I've found that a good many academics in those kinds of places don't tend to have the degree of Calviphobia that you'll find in certain SBC circles and other ministries that tend more toward Arminianism. They will have obvious disagreements with Calvin, but many of them nevertheless have a lot of respect for him. Also, at least in my experience, most of the Bible church Dispensational types tend to eschew altar calls and the like. A lot of the ones I'm familiar with are more Calvinistic than the average evangelical. Some are 5 pt. and a lot of others hold more or less Amryaldian views. On the other hand, some of the less Calvinistic ones can't represent Calvinism accurately and don't seem interested in even trying. I think the latter tends to be the case in those who strongly identify with the "free grace" camp.


----------



## sastark (May 30, 2011)

I had several Calvinist professors during my time at Biola/Talbot. One can emerge from Talbot/Biola with a rather Calvinistic education if one knows which professors to study under.


----------



## bookslover (Jun 3, 2011)

Pilgrim said:


> Richard, am I right in thinking you went to Talbot? What would the reaction be to Calvin when you were there? Or did it simply not come up much.


 
Yes, I attended Talbot. I graduated with the M.Div _cum laude_ in 1994. In my courses, Calvin just didn't come up much at all (maybe I just missed those courses where he would). But there were no discussions of dispensationalism, either. None whatsoever - even in my theological courses. At a dispensationalist school! My feeling is that dispensationalism is, generally speaking, pretty much dead at the academic level (although guys like Tim LaHaye and Hal Lindsay are trying to keep it alive at the popular level).

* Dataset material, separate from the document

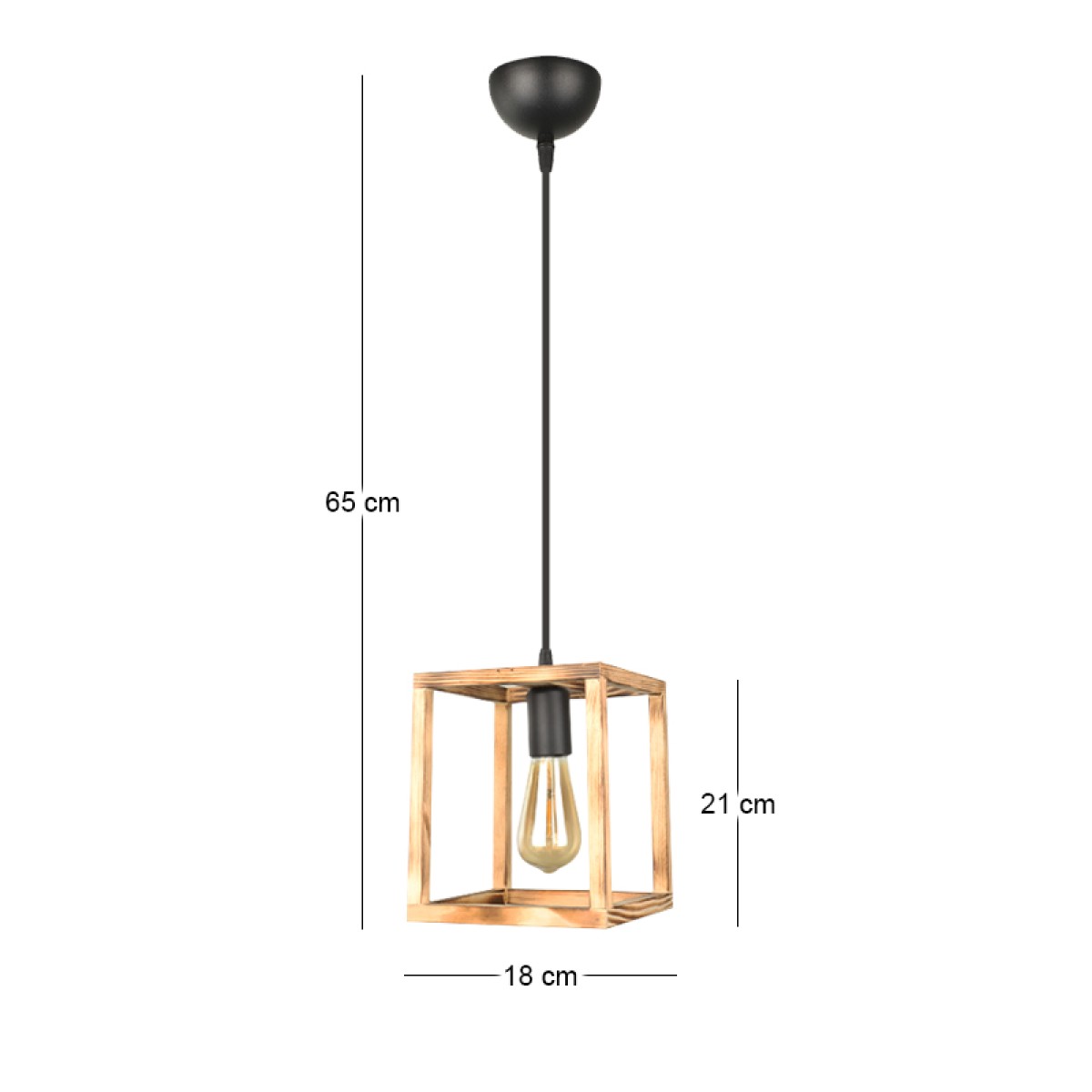 Φωτιστικό οροφής Kubo Megapap E27 ξύλινο μονόφωτο χρώμα φυσικό 18x18x65εκ.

Talbot offers some self-study courses in which you listen to recorded lectures and turn in written assignments (for people who need to pick up an extra course or are trying to stay on their schedule). Interestingly, several of those courses are taught from an explicitly Reformed perspective.

Also, Talbot just offered a special seminar on Calvinism, in which the main text was the Institutes! Go figure! The course got a lot of positive response from students.

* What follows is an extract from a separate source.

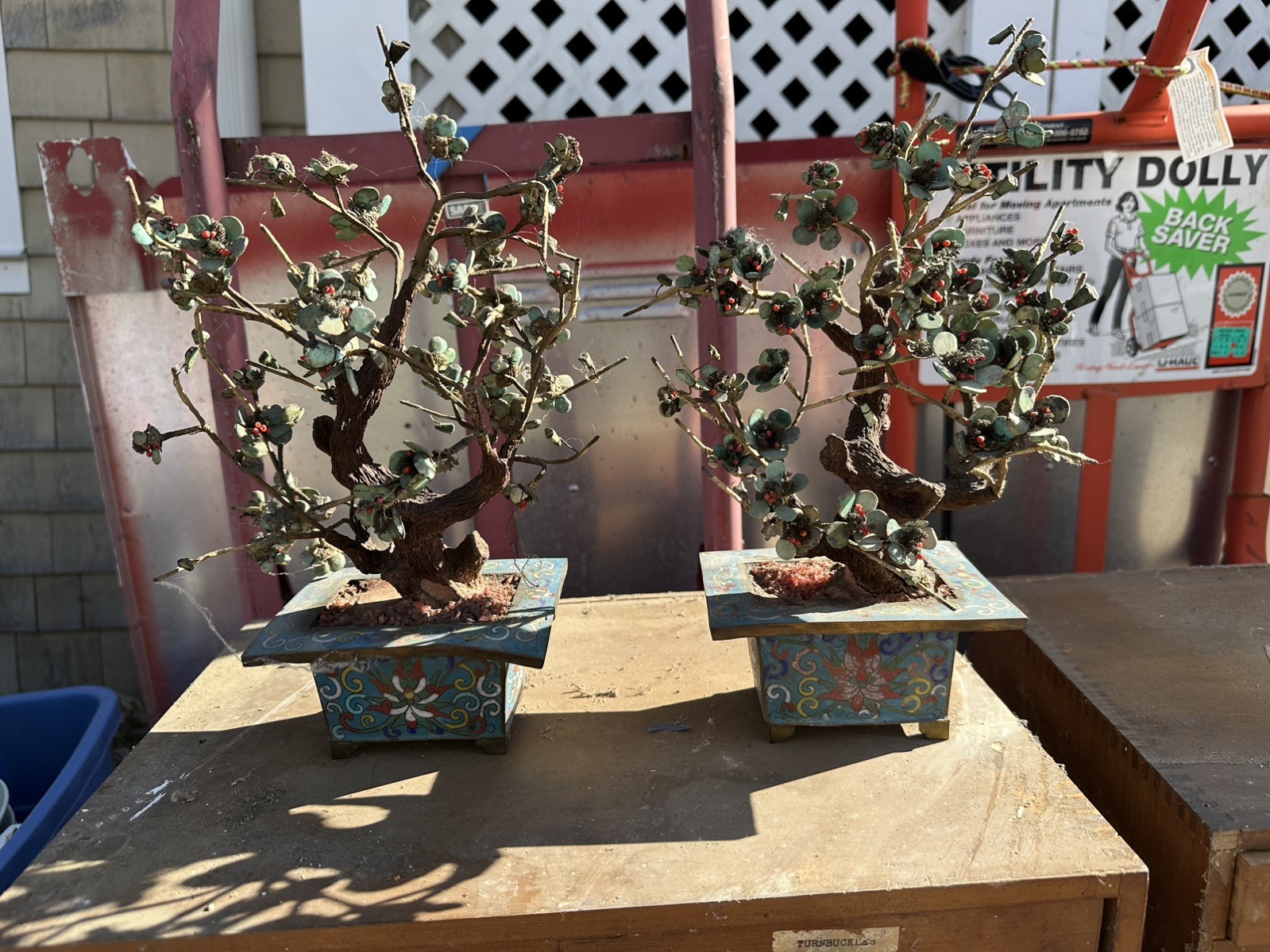 Vintage Pair of Chinese Hardstone Flower Bonsai Trees in Cloisonne Enamel Pots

---------- Post added at 02:55 AM ---------- Previous post was at 02:51 AM ----------




sastark said:


> I had several Calvinist professors during my time at Biola/Talbot. One can emerge from Talbot/Biola with a rather Calvinistic education if one knows which professors to study under.


 
That's true. One of my favorite professors there is Alan Gomes (he teaches church history from an historical theology perspective). He's pretty Reformed, in my view. In fact, just a few years ago he edited the new one-volume edition of Shedd's _Systematic Theology_ (published by Zondervan). Gomes took his Ph.D at Fuller Seminary, where he studied under Richard Muller before Muller left for Calvin Seminary.


----------



## Pilgrim (Jun 3, 2011)

bookslover said:


> My feeling is that dispensationalism is, generally speaking, pretty much dead at the academic level (although guys like Tim LaHaye and Hal Lindsay are trying to keep it alive at the popular level).

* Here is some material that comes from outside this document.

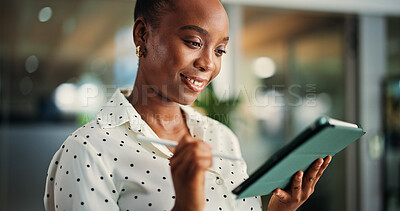 Buy stock photo Media agency, night and black woman in office, tablet and online reading with publication. African person, email and journalist in workplace, evening and tech with submission, website blog and column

It's not quite dead yet, but it is much less prominent than it was a few decades ago. It's still taught at The Masters Seminary, some smaller seminaries that were set up by Dallas Seminary grads who are disgruntled with Dallas' shift toward progressive dispensationalism, and some other schools. There are still a good many dispensationalist professors in the SBC, moreso of the progressive persuasion. It's also taught at probably all of the IFB schools, perhaps most notably (from an academic standpoint) Detroit Baptist Theological Seminary.


----------